Regista tutto d’un pezzo, uno dei pochi che non gira a gettone, propone un melodramma storico come non se ne fanno più.
Difficile rimanere distaccati dalle vicende narrate, ma all’interno della sua filmografia dubito figurerà tra i suoi più celebrati lavori.
Inizio del ‘900, la famiglia Guyhrie è controllata, e maltrattata, dal suo patriarca (Peter Mullan), tanto religioso, quanto violento.
Sua figlia Chris (Agyness Deyn) cresce nel dolore e da questo si rafforza, tanto da divenire donna sicura di se e trovare anche in Ewan (Kevin Guthrie) il grande amore della vita.

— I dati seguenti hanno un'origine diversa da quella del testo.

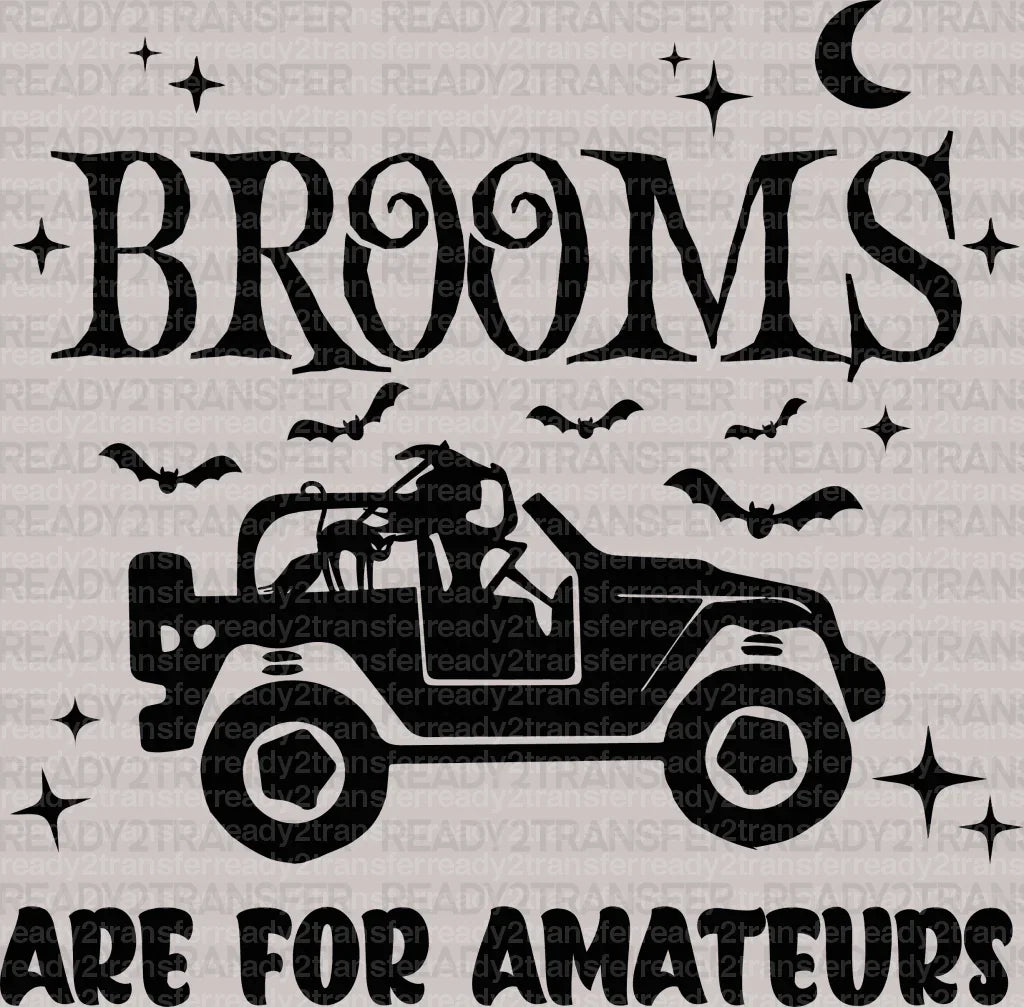 BROOMS ARE FOR AMATEURS DTF Transfer - ready2transfer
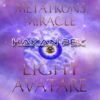 Metatron Mucizesi – Avatar Işığı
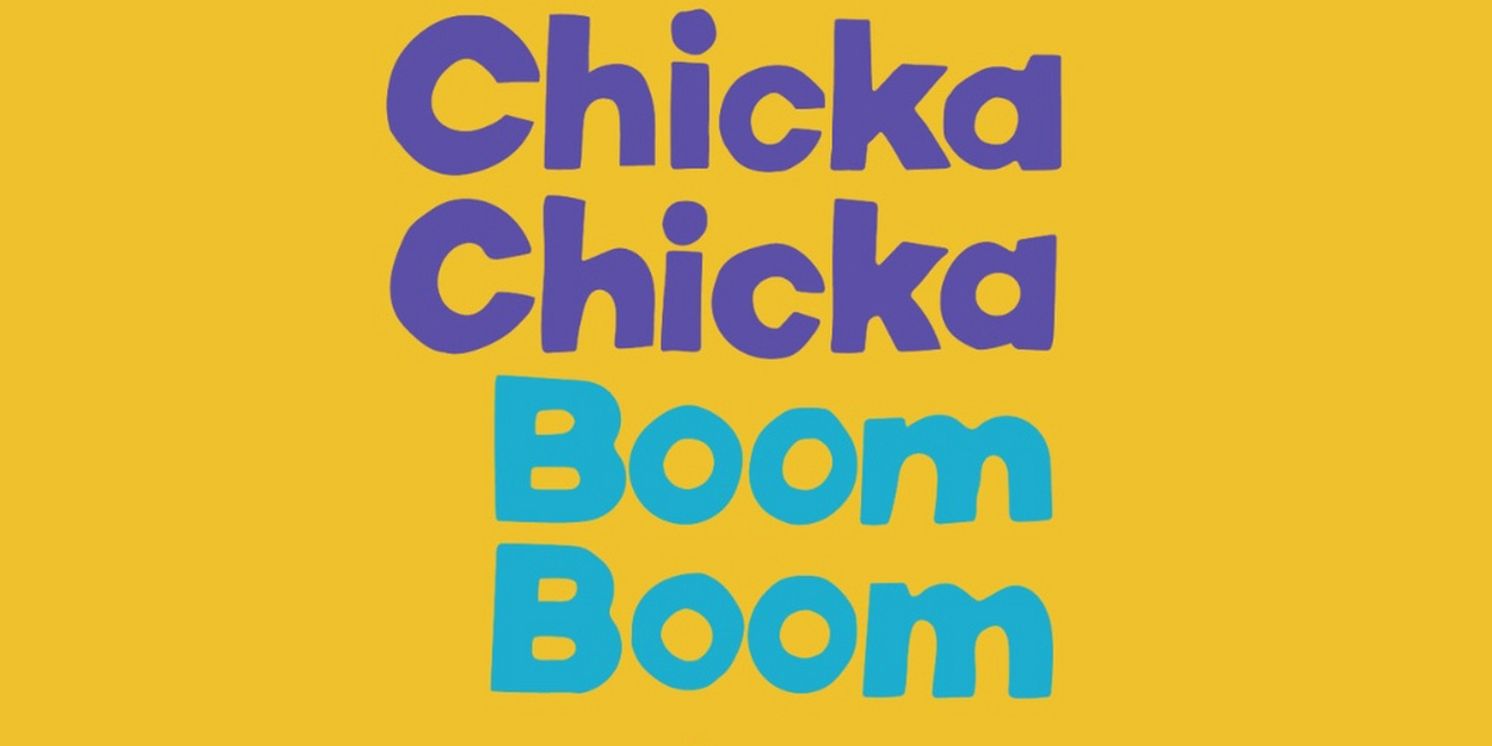 CHICKA CHICKA BOOM BOOM National Tour To Play Chicago This November  Image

Poi però sopraggiunge la guerra, Ewan va a combattere al fronte e per entrambi sarà tutto diverso.
Nessuna sorpresa, un pizzico di (inevitabile?) retorica ed una confezione sopraffina, questi gli elementi salienti del nuovo film di Terence Davies.
Una storia dura, anzi durissima, un padre/marito che diventa un vero e proprio padre-padrone, con una ferrea contraddizione tra la sua fede cristallina ed i suoi modi brutali che lo portano a minacciare il figlio di castrarlo qualora quest’ultimo gli disubbidisca.
In parallelo parte, e prende forma, la principale evoluzione del personaggio di Chris, ragazza tanto bella quanto intelligente, che saprà prendere le redini della sua vita, fare scelte difficili e conquistare l’autonomia così come l’amore.
Intorno, grandi riprese naturali, con una solennità che trova il suo culmine in due frangenti cantati, un matrimonio ed in sintesi un funerale, che appaiono sapientemente lancinanti.
In detrazione invece, a parte un passo un po’ troppo lento (135 minuti non sembrano forse tantissimi, ma si tende ad eccedere), la trasformazione di Ewan con al seguito le conseguenze che sembrano troppo nette; probabilmente sarebbe servito un passaggio dedicato al personaggio sul fronte per renderle più percettibili.
Invece la concentrazione rimane sempre puntata su Chris, a Terence Davies va dato il merito di aver scovato Agyness Deyn, tanto forte quanto candida, quasi una gemma capace di donare tutta se stessa e rimanendo sul cast Peter Mullan è semplicemente superbo nel tratteggiare la brutalità cristiana d’altri tempi del suo personaggio.
“Sunset song” è un film composito, che sa come tratteggiare gli eventi, così come tutto ciò che ruota loro attorno, forse un po’ disomogeneo nei tempi e negli spazi che regala a personaggi e passaggi, forse un po’ sacrificato da una visione festivaliera che richiede tempi di acquisizione più stretti.
Per me non è una visione imprescindibile, ma non mi sentirei di sconsigliarlo, soprattutto ai nostalgici dei melò vecchio stampo.